------ Given entries ------
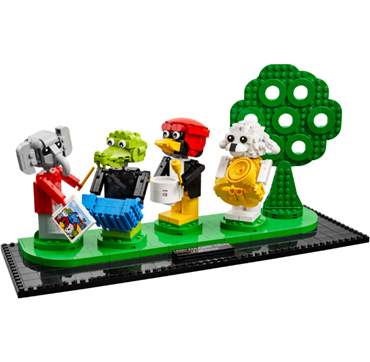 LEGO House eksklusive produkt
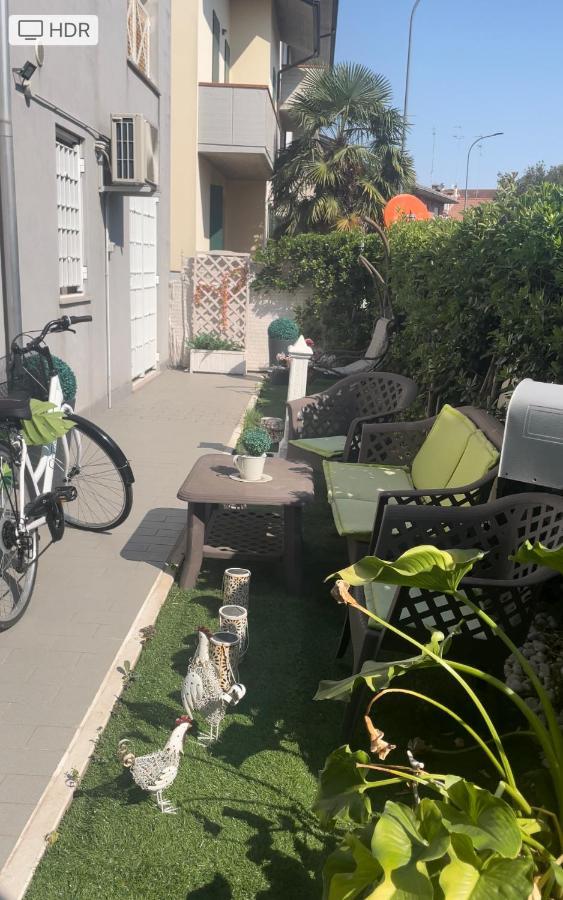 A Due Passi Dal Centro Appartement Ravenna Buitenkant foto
------
------ Given entries ------
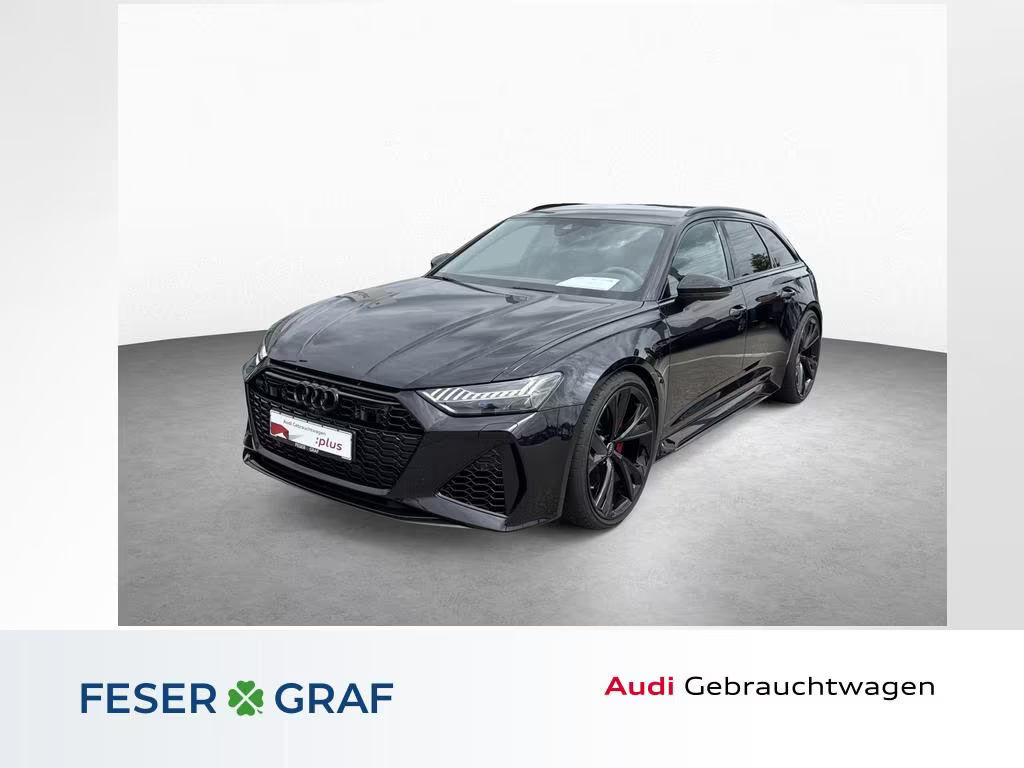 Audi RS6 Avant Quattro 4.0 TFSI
------
------ Given entries ------
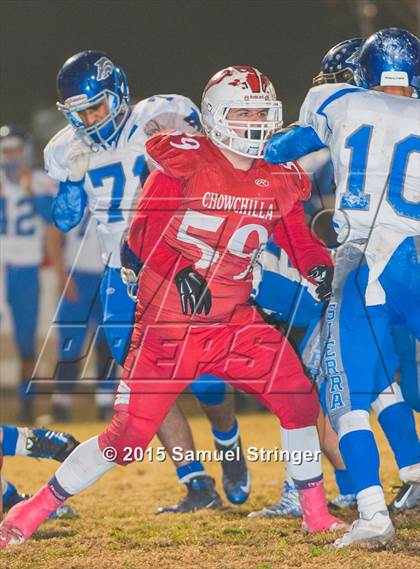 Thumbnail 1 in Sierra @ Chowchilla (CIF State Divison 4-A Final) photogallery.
------
• Task item
Those lines of the records above that run from the one containing "LEGO House eksklusive produkt" through the one containing "A Due Passi" should be returned exactly, with no pictures among them.

• Answer section
 LEGO House eksklusive produkt
 A Due Passi Dal Centro Appartement Ravenna Buitenkant foto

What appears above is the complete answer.